REQUIREMENT:
Before repeating the entries below, strip out every picture and keep all else as it is.

Captioned web image data
- Opening Delimiter -

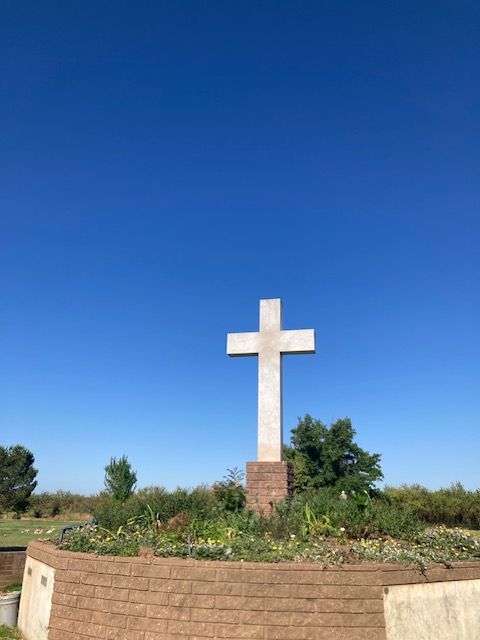 Different photos of cremation spaces offered at Farmington Memorial Park in Farmington, CA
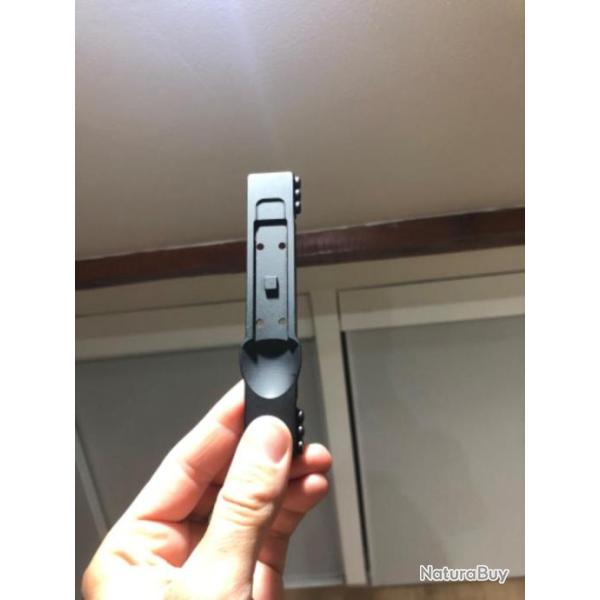 Montage Tikka pour micro H1 et H 2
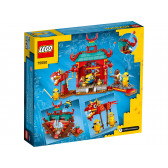 Lego - Kung Fu Battle of the Minions, 310 piese Lego 269036 4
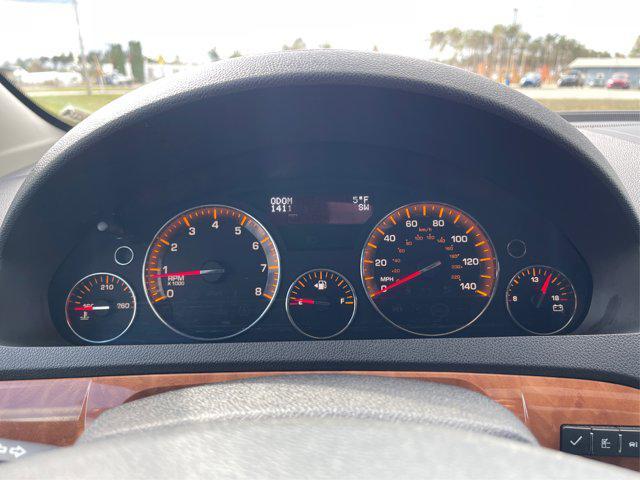 used 2009 Saturn Outlook car, priced at $3,500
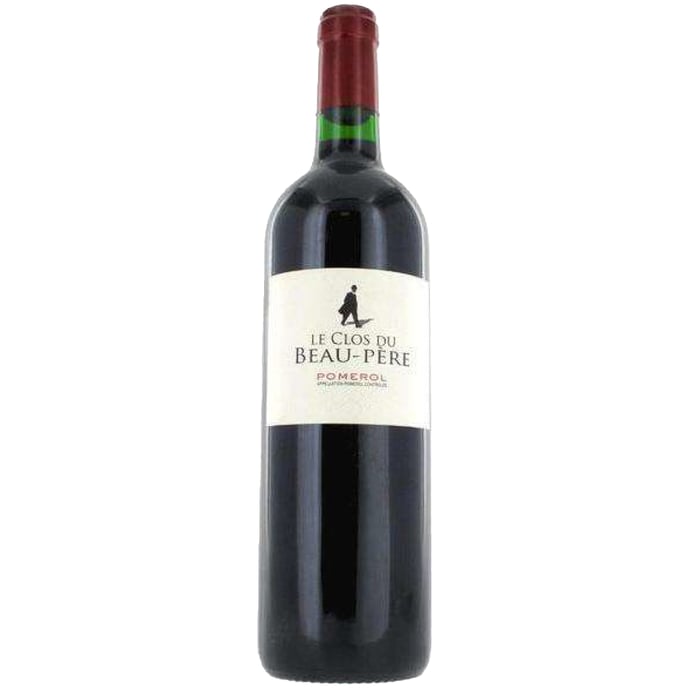 Le Clos du Beau Pere Pomerol 2019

- Closing Delimiter -

OUTPUT BELOW:
 Different photos of cremation spaces offered at Farmington Memorial Park in Farmington, CA
 Montage Tikka pour micro H1 et H 2
 Lego - Kung Fu Battle of the Minions, 310 piese Lego 269036 4
 used 2009 Saturn Outlook car, priced at $3,500
 Le Clos du Beau Pere Pomerol 2019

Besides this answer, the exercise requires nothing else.